Norwegian researchers conducted an analysis of the relationship between cerebral palsy and the Apgar score at the fifth minute after birth in all children with normal and low birth weight born in Norway in 1986–1995 who survived the first year of life. They also examined the correlation between the infant’s Apgar score and particular spastic forms of CP: tetraplegia, diplegia, and hemiplegia. A low Apgar score (<7 points) correlated with all three spastic forms of CP, most clearly with tetraplegia [44].

Mieszczanek found no statistical correlation between the low Apgar score at the first minute after birth and the clinical form of CP [32].

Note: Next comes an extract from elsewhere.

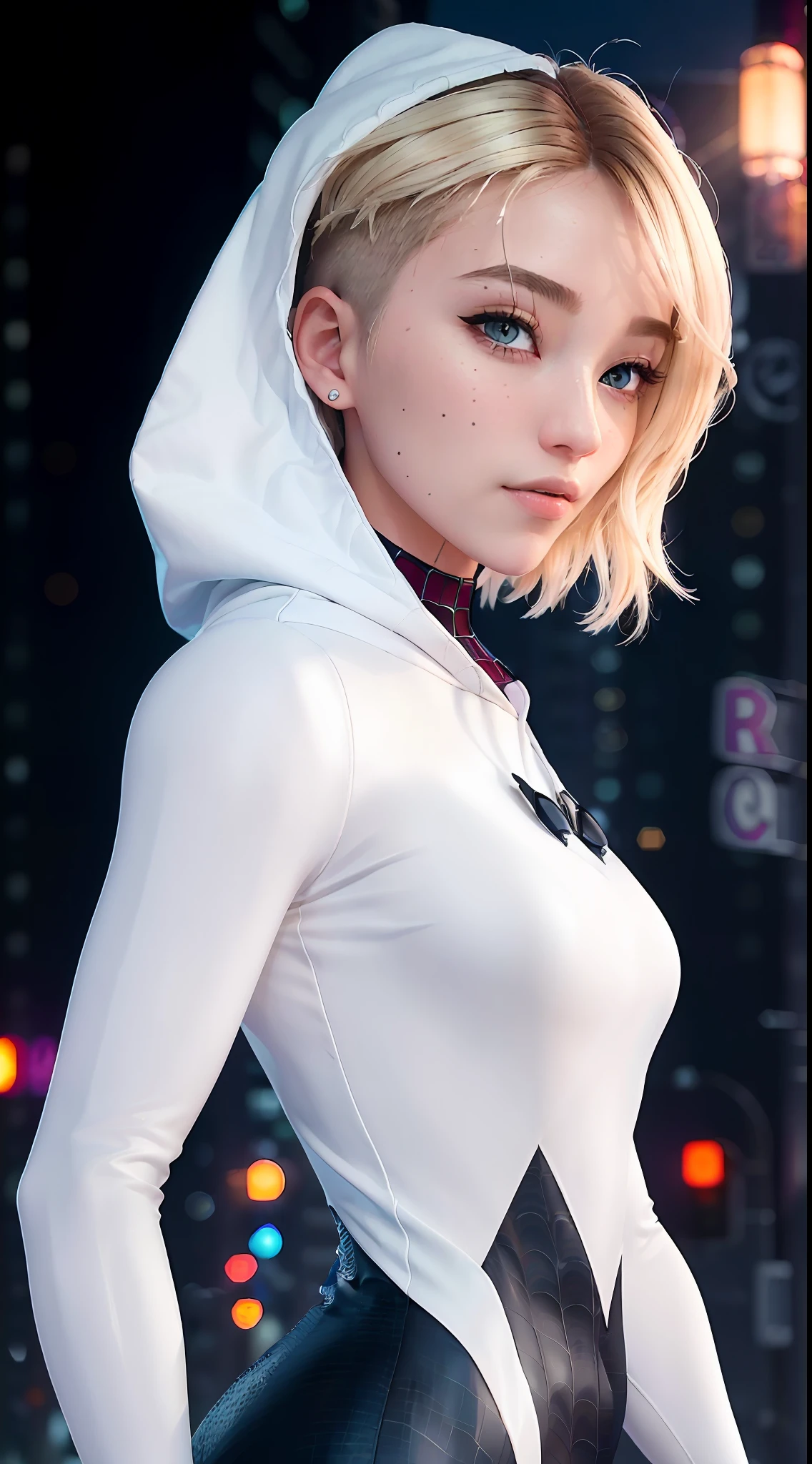 (masterpiece), ((best quality)), parted lips, light_smile, cinematic lighting, ultra-realistic, ((realistic)), (gwen_stacy), blonde_hair, short_hair, solo, sidecut, asymmetrical_hair, parted_lips, eyebrow_piercing, (detailed face), beautiful 1girl, 1girl, looking at viewer, (beautiful detailed eyes), bodysuit, spider-suit, white hoodie, hood_down, portrait, upper_body, (side of head shaved), (small breasts)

In our study, an analysis of the Apgar score was performed both at the first and fifth minute after birth. The Apgar score in both cases differentiated the individual types of CP forms.

In the examined group, the Apgar score at the first minute after birth ranging from 0–3, defined as a severe neonatal condition, was most often observed in infants with the extrapyramidal form and tetraplegia, while the lowest score (from 0–3) was most often observed at the fifth minute in children with a mixed form. Scores from 4–7 at the first and fifth minute were most often noted in the case of children with diplegia (52% and 53%, respectively). On the other hand, scores from 8–10, assessed as the infant’s good condition, at both the first and fifth minute, characterized, in contrast to the Norwegian authors’ research, children with hemiplegia (75% and 72%, respectively). Children with the ataxic form were also characterized by a high Apgar score (from 8–10 points) both at the first and fifth minute after birth, but this group was very small (six children, i.e., 3.3% of the total group).

The results based on the analyzed group of patients have shown that the presence of neonatal convulsions, respiratory failure, intraventricular bleeding, and infections in the neonatal and infant period differentiated particular forms of CP. Neonatal convulsions were most often observed in patients with tetraplegia, respiratory failure, and intraventricular bleeding, in children with diplegia and tetraplegia, and infections in the neonatal and infant period, in children with tetraplegia and the mixed form of CP. We observed in multivariate regression that only intraventricular bleeding was an independent predictor for tetraplegic CP type (OR = 2.801, p = 0.028).

Kułak et al. [40] observed no statistically significant differences between diplegia and tetraplegia in terms of neonatal seizures or respiratory distress syndrome. The authors did not specifically analyze the respiratory failure syndrome, only the overall respiratory failure in relation to all forms of CP. A comparison of diplegia and tetraplegia indicates that respiratory failure was very similar in both CP types (83% and 81%, respectively).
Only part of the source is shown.